**Problem description:** Print the entire listing below word for word, excluding its pictures.

**Information shown:**
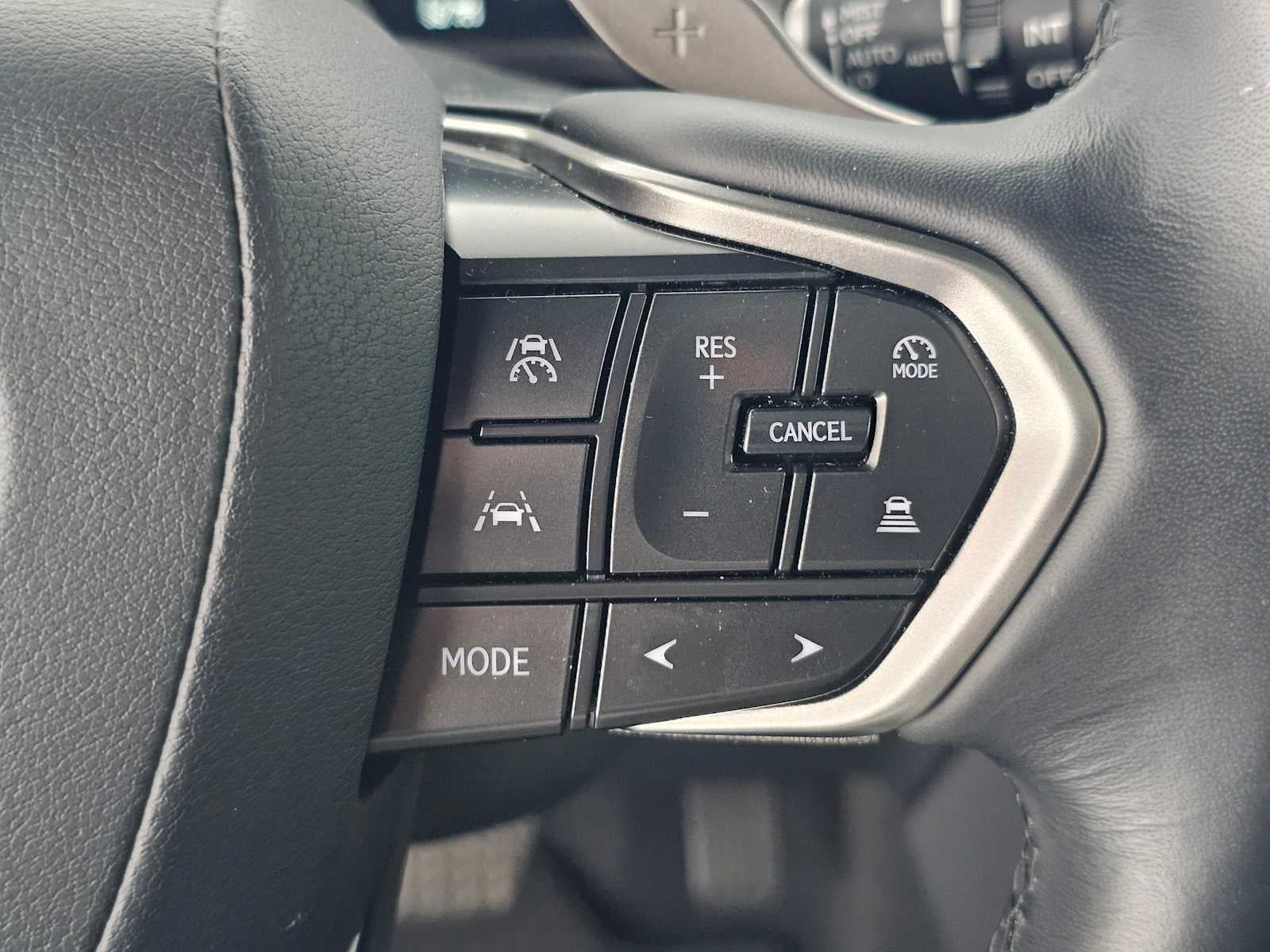 2024 Lexus GX Luxury+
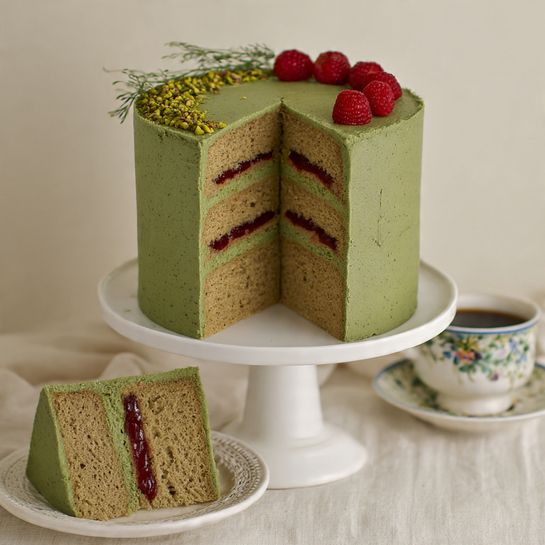 Vegetarian Recipe - Recipe Image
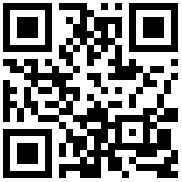 QR Code for the Gone Rural Lutindzi Bread Basket - Yellow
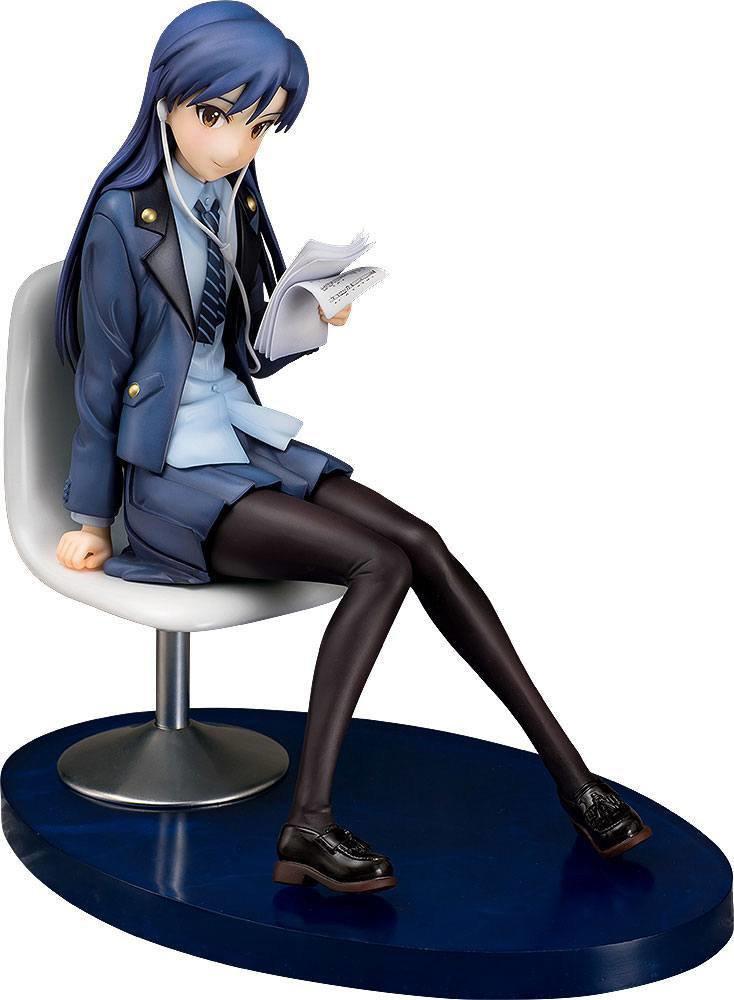 Preview: Chihaya Kisaragi - Phat!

**Response to this exercise:**
 2024 Lexus GX Luxury+
 Vegetarian Recipe - Recipe Image
 QR Code for the Gone Rural Lutindzi Bread Basket - Yellow
 Preview: Chihaya Kisaragi - Phat!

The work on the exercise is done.